HKUST-Aerial-Robotics / Stereo-RCNN

Code for 'Stereo R-CNN based 3D Object Detection for Autonomous Driving' (CVPR 2019)
MIT License
690 stars 177 forks source link

Doubt about the inconsistency of RPN cls score computation during inference and training #59

Closed chenchr closed 4 years ago

chenchr commented 4 years ago

Hi peiliang, I just read the code of mono branch, in here seem the softmax is apply on tensor with shape b * 2 * 3h w, and we get the probability, then it is permuted with shape b * h * w * 6 , then reshape to b * h * w3 * 2, then viewed as b * hw3 * 2, and the last dimension is considered as the foreground-background probability, which is inconsistent with original shape you apply softmax on.

chenchr commented 4 years ago

https://github.com/jwyang/fpn.pytorch/issues/6

xmyqsh commented 4 years ago

@chenchr First solution:

            rpn_cls_score_reshape = rpn_cls_score.view(
                                                       rpn_cls_score.size(0),
                                                       2,
                                                       rpn_cls_score.size(1) / 2,
                                                       rpn_cls_score.size(2),
                                                       rpn_cls_score.size(3)).permute(0,1,3,4,2).contiguous()
            rpn_cls_prob_reshape = F.softmax(rpn_cls_score_reshape, 1)
            ##rpn_cls_prob = self.reshape(rpn_cls_prob_reshape, self.nc_score_out)

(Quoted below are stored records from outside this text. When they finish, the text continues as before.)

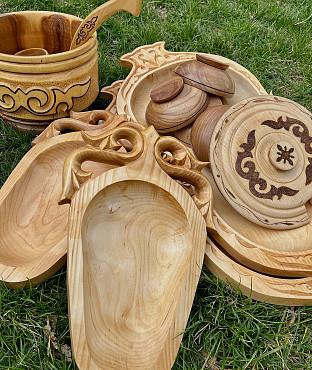 Деревянные посуды "Астау" Тараз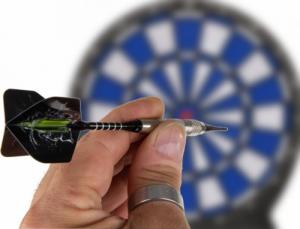 Enero Rzutki lotki plastikowe do darta czarne 3 szt. 3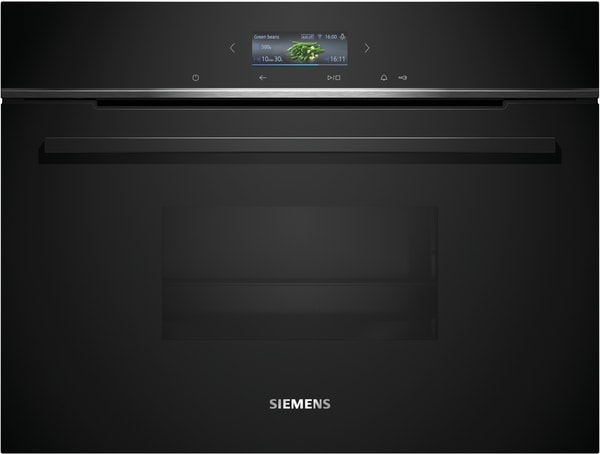 Siemens Hausgerate SIZCD714GXB1 Kompaktdampfgarer 60cm H:45cm 4BA 38L 1.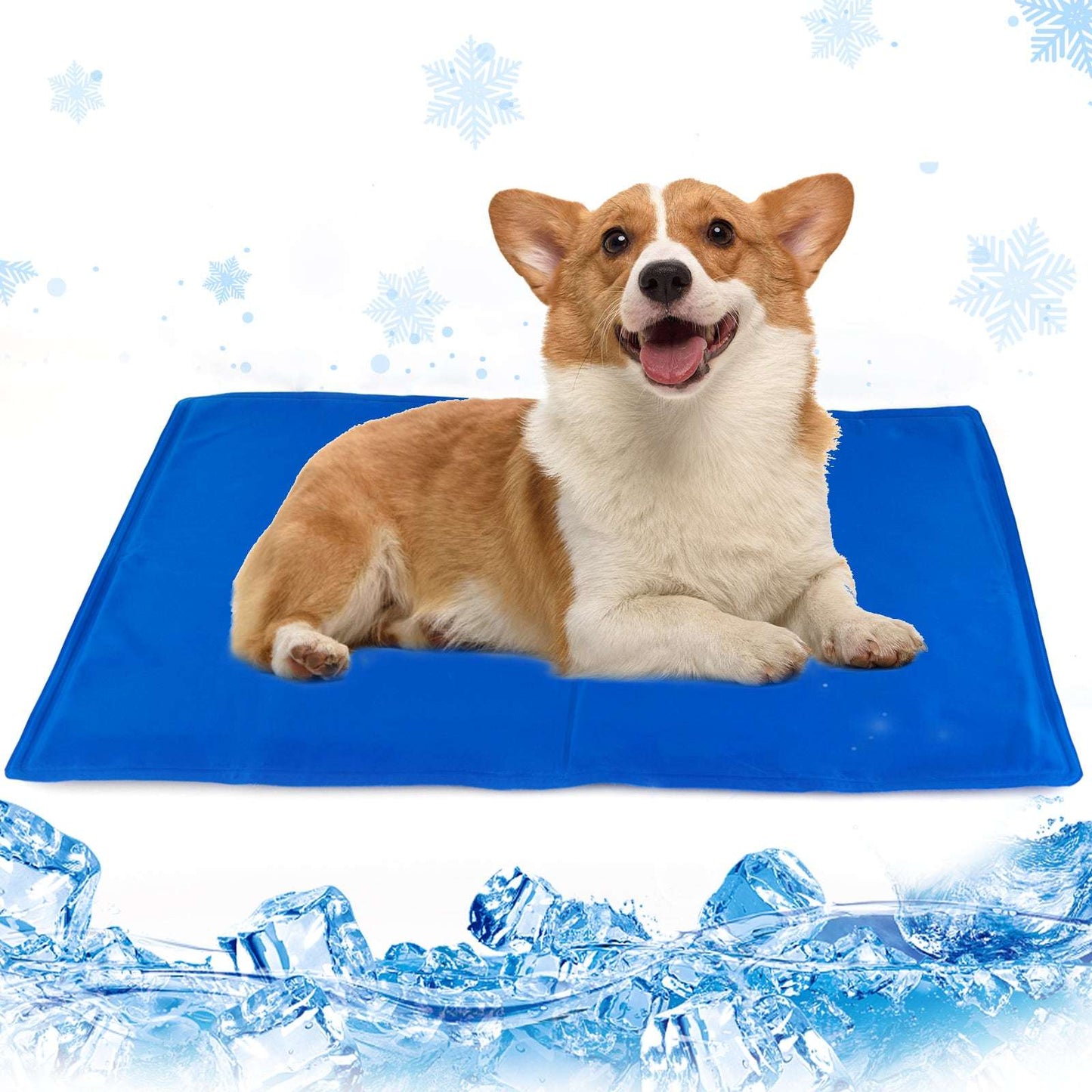 Pet Cooling Mat – Pressure-Activated Gel Pad for Dogs & Cats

            # get rpn offsets to the anchor boxes
            rpn_bbox_pred_left_right = self.RPN_bbox_pred_left_right(rpn_conv1)

            rpn_shapes.append([rpn_cls_score.size()[2], rpn_cls_score.size()[3]])
            rpn_cls_scores.append(rpn_cls_score.permute(0, 2, 3, 4, 1).contiguous().view(batch_size, -1, 2))
            rpn_cls_probs.append(rpn_cls_prob.permute(0, 2, 3, 4, 1).contiguous().view(batch_size, -1, 2))

Best solution: change

# define bg/fg classifcation score layer
        self.nc_score_out = 1 * len(self.anchor_ratios) * 2 # 2(bg/fg) * 3 (anchor ratios) * 1 (anchor scale)
        self.RPN_cls_score = nn.Conv2d(512, self.nc_score_out, 1, 1, 0)

to

# define bg/fg classifcation score layer
        self.nc_score_out = 1 * len(self.anchor_ratios) # 1(sigmoid(bg/fg)) * 3 (anchor ratios) * 1 (anchor scale)
        self.RPN_cls_score = nn.Conv2d(512, self.nc_score_out, 1, 1, 0)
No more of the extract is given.